In NumPy, we need to pass in the indices of the dimensions we want flattened after summation. In this case, this is just the columns dimension (per slice). The index of the columns dimension (for each slice) is 1 (because it's 0 offset, think of it as 2 in R). The command becomes:
```
>>> np.sum(cube, 1)
array([[3., 3., 3., 3.],
[3., 3., 3., 3.]])
```
We have finally arrived at the equivalent behavior of R's and NumPy's methods. Hooray!!!

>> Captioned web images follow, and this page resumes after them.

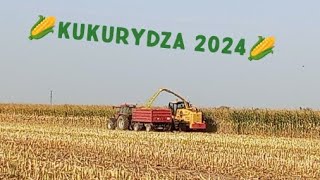 🌽 Kukurydza 2024🌽 [upl. by Valorie642]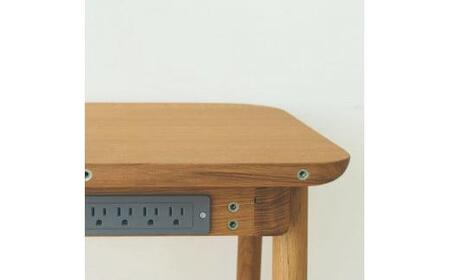 【飛騨の家具】 cobrina コブリナ デスク (幅105cm)（TF310WP/OU）| 学習机 学習デスク ホワイトオーク CG034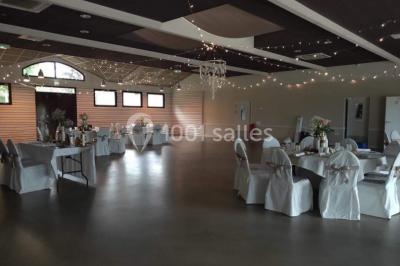 Miniature Location salle Reyrieux (Ain) - Domaine du Clos Talançonnais #19 Miniature Location salle Reyrieux (Ain) - Domaine du Clos Talançonnais #19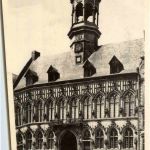 Mons - Hotel de ville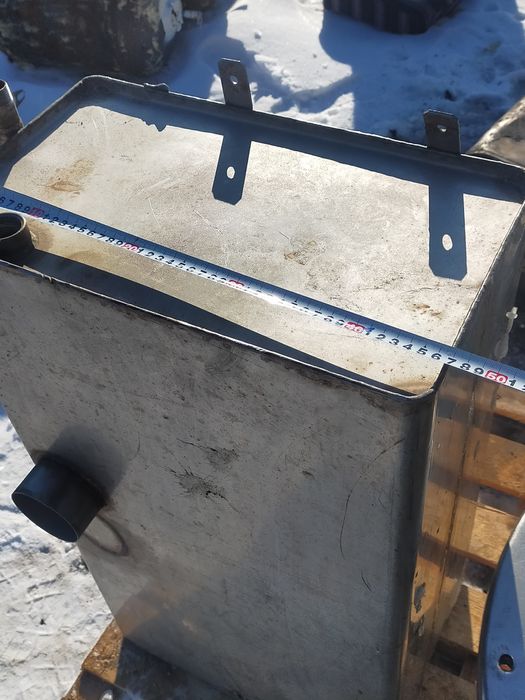 Ёмкости нержавейка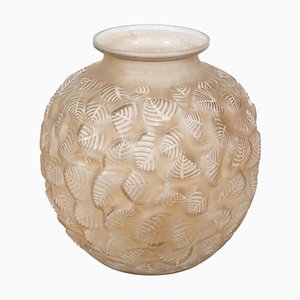 Charmilles Vase from René Lalique, 1920s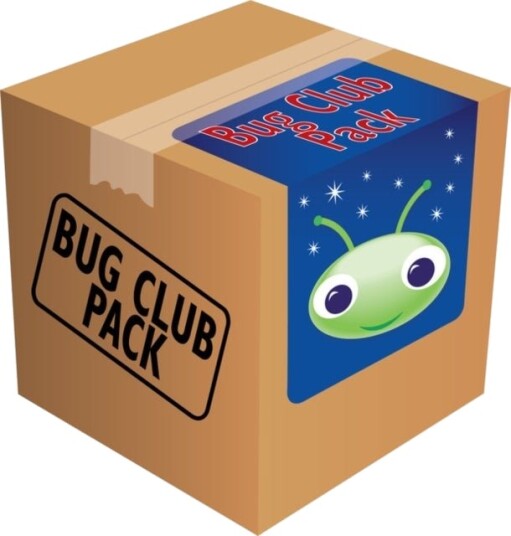 Bug Club Pro Independent Blue KS1 Pack May 2018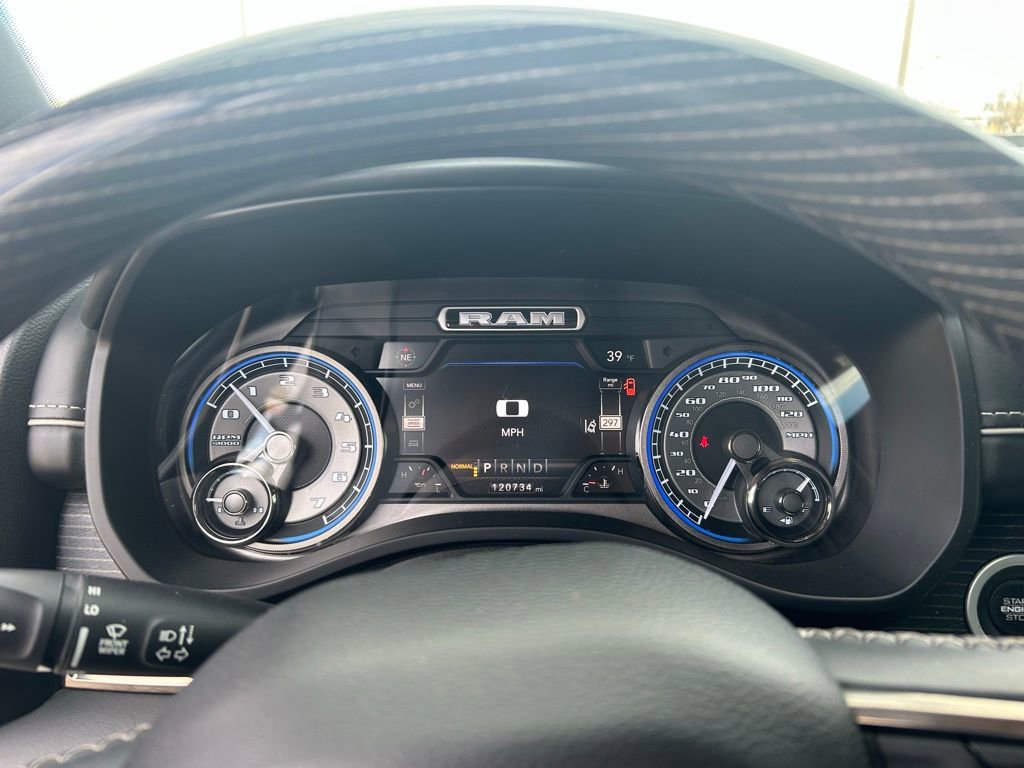 Used 2019 RAM 1500 Limited image 14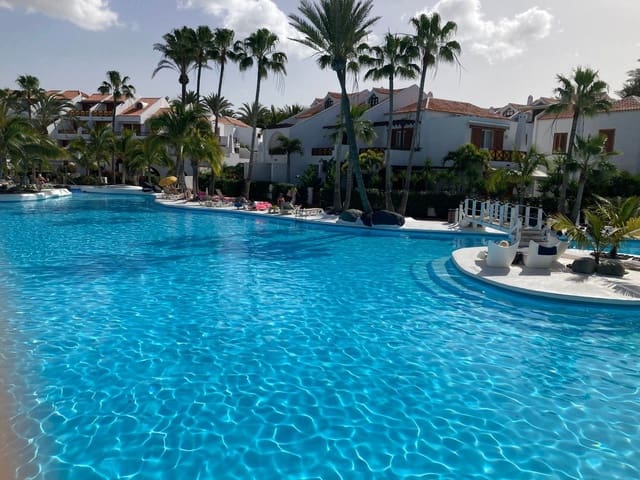 2 sovrum Lägenhet till salu i Playa de las Americas, Arona med pool garage - 690 000 € (Ref: 7346513)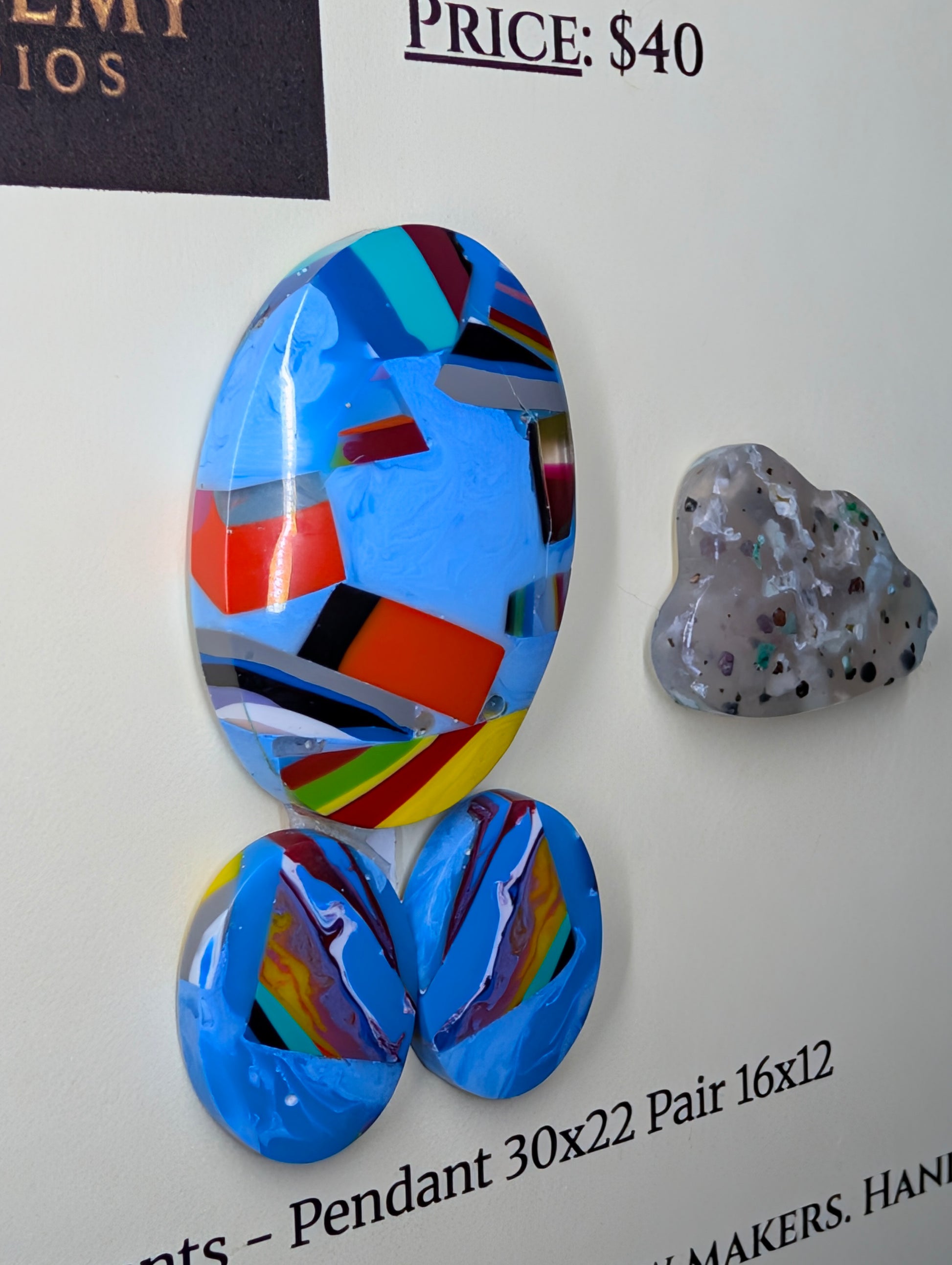 Oval Shape - Surfite - Design-Ready Set by Sacred Alchemy Studios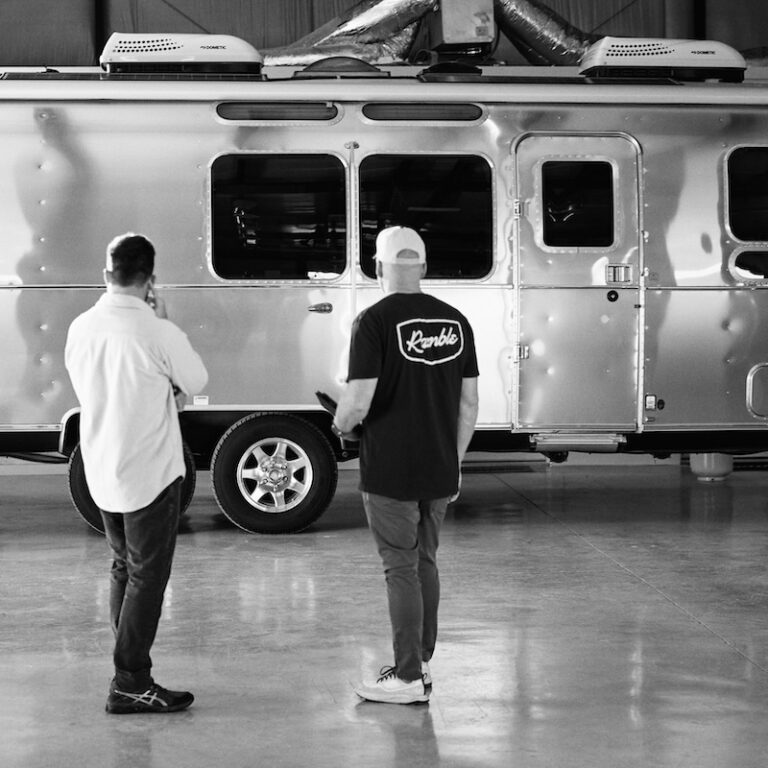Podcast E58 Ramble Trailerworks is Rolling into Texas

Here are some additional examples, for calculating column, row and table bases. Last is the example for calculating the total base, although this is rarely used in cube analysis (summing all the slices, columns and rows together). The calculations are performed sequentionally and respectively, so that they produce the same results in R and in NumPy.

R:
```
> margin.table(cube, c(1, 3))
[,1] [,2] [,3] [,4]
[1,] 3 3 3 3
[2,] 3 3 3 3
>
> margin.table(cube, c(1, 2))
[,1] [,2] [,3]
[1,] 4 4 4
[2,] 4 4 4
>
> margin.table(cube, 1)
[1] 12 12
>
> margin.table(cube)
[1] 24
```

NumPy:
```
>>> np.sum(cube, 1)
array([[3., 3., 3., 3.],
[3., 3., 3., 3.]])
>>>
>>> np.sum(cube, 2)
array([[4., 4., 4.],
[4., 4., 4.]])
>>> np.sum(cube, (1, 2))
array([12., 12.])
>>>
>>> np.sum(cube, (0, 1, 2))
24.0
```

## Takeaway
It's not easy to develop complex analytical software. Especially if it's not specified in greatest detail, and in the style that would accommodate even a golden retriever (i.e. the person writing this post, in the time of implementing the software, in the domain of contingency tables). And this level of detail in specification is almost never the case in real world.

Do your dilligence, and strive to understand the basics properly. That's what the masters are best at.